I keep getting offers to try Amazon Prime free for 30 days but have always resisted as I don't really want another subscription but now wondering if I should try the free offer. It says if I want I can cancel at any time before the 30 days are up. How easy is it to do this and are there any pitfalls to look out for?


----------



## peribro (Sep 6, 2009)

I always take up the free offer when offered it and have never had a problem cancelling. You do it online through your account but you continue with Prime membership for the remainder of the free month regardless of when you cancel. In other words do it straight away so as not to forget!


----------



## havingfun (Oct 31, 2007)

*amozon prime*

hi,

try and take the offer up when you want a load of items, because you get free postage, and lots of other things you need time to work out, i tried it just before we went away, and dident have time to study it, but they cancel with no problems, but when we came back i tried to have another free go, but no chance, so now i need to pay up front or not bother. david with a family swears by it, he reckons it pays for itself within a couple of months.

mags


----------



## aldra (Jul 2, 2009)

I pay £7 99 a month for kindle unlimited 

I read a lot so works out OK for us , as Albert also can access free books 

Haven't really checked out prime

Sandra


----------



## Mrplodd (Mar 4, 2008)

It gives you access to a reasonable amount of TV and a simply VAST amount of music (streaming only, no download facility but you do of course need Wifi) plus next day delivery on many items you buy. You can either have an annual,subscription (one off payment) or monthly subscription with NO minimum contract period.

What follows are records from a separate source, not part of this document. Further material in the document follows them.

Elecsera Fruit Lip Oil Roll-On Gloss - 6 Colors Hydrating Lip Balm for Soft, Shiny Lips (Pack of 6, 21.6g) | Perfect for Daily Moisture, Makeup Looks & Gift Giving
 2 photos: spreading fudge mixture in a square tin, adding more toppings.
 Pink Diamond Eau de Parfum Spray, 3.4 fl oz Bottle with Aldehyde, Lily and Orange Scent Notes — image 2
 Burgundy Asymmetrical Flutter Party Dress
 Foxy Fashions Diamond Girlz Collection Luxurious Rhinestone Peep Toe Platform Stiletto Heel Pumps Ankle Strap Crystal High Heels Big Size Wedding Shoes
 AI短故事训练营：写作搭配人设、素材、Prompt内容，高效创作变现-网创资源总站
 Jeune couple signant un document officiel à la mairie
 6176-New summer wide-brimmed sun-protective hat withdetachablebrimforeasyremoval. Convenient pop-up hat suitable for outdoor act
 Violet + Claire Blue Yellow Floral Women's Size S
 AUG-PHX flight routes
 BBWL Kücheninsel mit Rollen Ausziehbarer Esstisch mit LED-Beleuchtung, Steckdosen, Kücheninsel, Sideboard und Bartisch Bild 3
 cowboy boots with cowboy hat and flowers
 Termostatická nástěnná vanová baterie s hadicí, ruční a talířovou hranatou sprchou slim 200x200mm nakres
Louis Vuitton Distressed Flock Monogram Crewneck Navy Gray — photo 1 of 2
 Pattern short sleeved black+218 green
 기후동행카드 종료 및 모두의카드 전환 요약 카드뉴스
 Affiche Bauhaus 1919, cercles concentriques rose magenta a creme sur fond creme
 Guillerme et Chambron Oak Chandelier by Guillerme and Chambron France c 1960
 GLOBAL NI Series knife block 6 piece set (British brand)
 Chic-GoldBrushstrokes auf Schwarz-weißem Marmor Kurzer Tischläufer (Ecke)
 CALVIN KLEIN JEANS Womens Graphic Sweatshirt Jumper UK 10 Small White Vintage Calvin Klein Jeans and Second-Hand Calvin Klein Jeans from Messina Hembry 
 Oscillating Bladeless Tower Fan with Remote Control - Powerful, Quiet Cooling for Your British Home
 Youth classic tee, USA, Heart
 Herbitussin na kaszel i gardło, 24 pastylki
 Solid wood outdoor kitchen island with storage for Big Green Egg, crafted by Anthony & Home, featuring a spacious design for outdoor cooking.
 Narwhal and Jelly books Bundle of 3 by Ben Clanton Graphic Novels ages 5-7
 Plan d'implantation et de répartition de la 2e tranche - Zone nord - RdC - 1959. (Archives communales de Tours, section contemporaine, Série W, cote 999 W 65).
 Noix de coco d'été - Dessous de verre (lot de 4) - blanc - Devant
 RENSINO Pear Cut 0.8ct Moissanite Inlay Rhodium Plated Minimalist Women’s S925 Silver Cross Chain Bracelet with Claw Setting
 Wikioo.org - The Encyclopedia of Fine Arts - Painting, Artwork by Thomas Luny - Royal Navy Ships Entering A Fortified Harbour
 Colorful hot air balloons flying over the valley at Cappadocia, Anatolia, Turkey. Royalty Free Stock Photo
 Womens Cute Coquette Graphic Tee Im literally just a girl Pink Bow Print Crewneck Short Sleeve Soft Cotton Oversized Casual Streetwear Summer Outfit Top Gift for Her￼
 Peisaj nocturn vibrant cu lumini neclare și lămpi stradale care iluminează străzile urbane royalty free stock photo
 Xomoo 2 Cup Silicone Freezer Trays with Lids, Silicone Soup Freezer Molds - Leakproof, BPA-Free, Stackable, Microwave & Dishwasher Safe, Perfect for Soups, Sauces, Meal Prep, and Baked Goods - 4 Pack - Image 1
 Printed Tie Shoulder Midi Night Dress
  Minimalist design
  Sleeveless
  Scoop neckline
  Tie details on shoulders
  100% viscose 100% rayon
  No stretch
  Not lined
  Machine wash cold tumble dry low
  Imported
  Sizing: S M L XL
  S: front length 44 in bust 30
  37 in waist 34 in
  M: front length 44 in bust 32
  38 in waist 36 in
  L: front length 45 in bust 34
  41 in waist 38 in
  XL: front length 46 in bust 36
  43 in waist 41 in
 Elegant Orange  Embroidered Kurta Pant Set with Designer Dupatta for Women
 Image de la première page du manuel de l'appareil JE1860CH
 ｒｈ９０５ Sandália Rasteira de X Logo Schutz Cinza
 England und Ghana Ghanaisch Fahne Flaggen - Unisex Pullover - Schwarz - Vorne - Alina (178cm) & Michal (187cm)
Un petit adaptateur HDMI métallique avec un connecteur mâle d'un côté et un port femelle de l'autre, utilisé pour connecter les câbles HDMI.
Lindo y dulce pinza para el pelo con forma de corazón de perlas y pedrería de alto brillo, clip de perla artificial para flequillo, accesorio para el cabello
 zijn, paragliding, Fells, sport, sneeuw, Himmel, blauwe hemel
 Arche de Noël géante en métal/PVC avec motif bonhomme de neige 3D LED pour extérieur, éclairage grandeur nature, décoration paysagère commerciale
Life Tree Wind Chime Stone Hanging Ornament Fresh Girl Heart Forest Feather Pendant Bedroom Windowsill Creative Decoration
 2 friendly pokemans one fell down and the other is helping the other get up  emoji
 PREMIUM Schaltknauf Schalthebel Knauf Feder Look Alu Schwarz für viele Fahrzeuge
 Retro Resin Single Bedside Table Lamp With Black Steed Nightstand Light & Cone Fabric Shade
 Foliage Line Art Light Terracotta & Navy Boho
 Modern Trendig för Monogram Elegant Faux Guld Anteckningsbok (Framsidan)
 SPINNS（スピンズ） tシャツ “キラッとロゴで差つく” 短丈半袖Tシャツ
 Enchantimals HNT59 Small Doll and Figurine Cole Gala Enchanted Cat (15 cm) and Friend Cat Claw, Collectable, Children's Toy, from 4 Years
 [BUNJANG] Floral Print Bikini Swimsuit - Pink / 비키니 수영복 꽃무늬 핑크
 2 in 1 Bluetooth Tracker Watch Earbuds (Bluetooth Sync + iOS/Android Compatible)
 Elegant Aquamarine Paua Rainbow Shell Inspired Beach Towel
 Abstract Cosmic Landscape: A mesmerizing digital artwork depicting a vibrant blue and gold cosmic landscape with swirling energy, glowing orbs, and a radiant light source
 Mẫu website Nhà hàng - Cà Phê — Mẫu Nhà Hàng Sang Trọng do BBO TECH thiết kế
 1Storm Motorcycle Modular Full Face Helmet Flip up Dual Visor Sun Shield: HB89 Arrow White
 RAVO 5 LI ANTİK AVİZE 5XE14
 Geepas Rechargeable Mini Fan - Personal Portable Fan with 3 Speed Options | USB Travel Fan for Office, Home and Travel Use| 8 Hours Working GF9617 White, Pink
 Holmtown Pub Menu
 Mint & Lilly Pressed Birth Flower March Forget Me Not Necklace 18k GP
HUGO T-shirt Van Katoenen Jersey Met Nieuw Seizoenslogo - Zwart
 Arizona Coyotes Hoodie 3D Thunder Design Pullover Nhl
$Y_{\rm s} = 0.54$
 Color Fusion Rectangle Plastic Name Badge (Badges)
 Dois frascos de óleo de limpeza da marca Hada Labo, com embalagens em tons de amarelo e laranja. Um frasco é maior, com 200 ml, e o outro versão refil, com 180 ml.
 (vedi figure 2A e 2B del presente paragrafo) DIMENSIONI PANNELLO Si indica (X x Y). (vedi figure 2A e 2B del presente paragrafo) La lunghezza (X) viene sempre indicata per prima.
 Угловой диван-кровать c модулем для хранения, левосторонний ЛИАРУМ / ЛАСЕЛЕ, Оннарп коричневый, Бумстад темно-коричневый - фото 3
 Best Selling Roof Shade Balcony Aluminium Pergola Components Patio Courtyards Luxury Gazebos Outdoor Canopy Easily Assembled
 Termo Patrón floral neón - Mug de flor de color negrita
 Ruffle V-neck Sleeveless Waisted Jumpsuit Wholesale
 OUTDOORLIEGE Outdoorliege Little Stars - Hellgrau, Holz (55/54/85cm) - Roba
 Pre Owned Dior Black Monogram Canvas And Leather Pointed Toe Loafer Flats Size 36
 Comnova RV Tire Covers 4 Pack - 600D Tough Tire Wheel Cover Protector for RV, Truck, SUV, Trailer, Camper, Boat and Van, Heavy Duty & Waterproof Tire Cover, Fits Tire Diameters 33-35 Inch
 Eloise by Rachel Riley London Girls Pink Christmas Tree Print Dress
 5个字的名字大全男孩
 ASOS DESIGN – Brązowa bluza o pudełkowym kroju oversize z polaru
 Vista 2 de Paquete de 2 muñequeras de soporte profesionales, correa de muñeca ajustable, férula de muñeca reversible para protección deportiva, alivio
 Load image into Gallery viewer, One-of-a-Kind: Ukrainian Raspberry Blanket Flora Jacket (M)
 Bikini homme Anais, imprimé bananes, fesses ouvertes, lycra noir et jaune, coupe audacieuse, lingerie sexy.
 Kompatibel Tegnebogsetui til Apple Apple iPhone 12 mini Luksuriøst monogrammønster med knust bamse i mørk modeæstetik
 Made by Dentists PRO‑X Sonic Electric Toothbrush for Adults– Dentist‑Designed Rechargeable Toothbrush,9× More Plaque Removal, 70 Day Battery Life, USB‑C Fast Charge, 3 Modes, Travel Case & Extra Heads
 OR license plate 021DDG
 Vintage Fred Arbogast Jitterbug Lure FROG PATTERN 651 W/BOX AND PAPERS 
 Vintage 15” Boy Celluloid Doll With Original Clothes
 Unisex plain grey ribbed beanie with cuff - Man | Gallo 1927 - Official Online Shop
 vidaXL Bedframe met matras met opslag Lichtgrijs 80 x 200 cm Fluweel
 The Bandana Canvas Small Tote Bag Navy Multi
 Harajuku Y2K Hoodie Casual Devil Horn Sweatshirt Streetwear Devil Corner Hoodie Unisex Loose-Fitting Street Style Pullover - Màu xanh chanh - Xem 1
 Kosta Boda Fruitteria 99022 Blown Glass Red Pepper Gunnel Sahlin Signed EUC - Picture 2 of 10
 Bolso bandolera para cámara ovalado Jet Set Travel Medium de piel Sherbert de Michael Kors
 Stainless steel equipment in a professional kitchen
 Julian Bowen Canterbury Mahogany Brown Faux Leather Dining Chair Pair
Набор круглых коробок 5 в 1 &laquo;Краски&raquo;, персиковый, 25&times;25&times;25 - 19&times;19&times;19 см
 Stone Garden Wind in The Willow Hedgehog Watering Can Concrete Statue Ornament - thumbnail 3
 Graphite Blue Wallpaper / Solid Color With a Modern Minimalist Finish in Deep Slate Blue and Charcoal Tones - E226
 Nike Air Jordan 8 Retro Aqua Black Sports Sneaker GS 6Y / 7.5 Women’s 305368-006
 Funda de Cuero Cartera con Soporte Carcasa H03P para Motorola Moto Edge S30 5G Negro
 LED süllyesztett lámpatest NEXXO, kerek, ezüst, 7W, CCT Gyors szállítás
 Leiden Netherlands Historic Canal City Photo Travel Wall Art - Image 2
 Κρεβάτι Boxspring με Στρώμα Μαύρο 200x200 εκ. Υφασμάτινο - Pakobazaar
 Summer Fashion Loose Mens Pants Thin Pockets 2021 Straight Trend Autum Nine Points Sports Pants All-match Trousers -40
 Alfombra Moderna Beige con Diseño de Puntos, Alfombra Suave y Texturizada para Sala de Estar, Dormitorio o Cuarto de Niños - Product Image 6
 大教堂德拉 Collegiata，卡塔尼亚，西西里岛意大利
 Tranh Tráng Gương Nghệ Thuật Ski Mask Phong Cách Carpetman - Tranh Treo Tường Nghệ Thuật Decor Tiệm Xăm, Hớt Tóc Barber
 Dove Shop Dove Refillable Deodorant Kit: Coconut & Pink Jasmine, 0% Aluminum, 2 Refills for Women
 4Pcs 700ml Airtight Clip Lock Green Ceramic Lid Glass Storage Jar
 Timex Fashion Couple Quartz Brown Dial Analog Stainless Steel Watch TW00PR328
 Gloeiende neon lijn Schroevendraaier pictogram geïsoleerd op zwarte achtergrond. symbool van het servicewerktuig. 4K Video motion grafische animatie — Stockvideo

We use it for the music mostly and reckon it's decent value at the equivalent cost of buying a new CD each month.

Give it a try, nothing to lose.

Andy


----------



## homenaway (Jul 27, 2005)

We have just signed up to Prime as I needed to buy some ink cartridges in a hurry which are free delivery anyway but are promised for next day.

Prime includes Kindle unlimited (10 books or magazines on loan) as well as music tv and video streaming.

You can have two adults with their own Amazon accounts registered in one household membership.

Steve


----------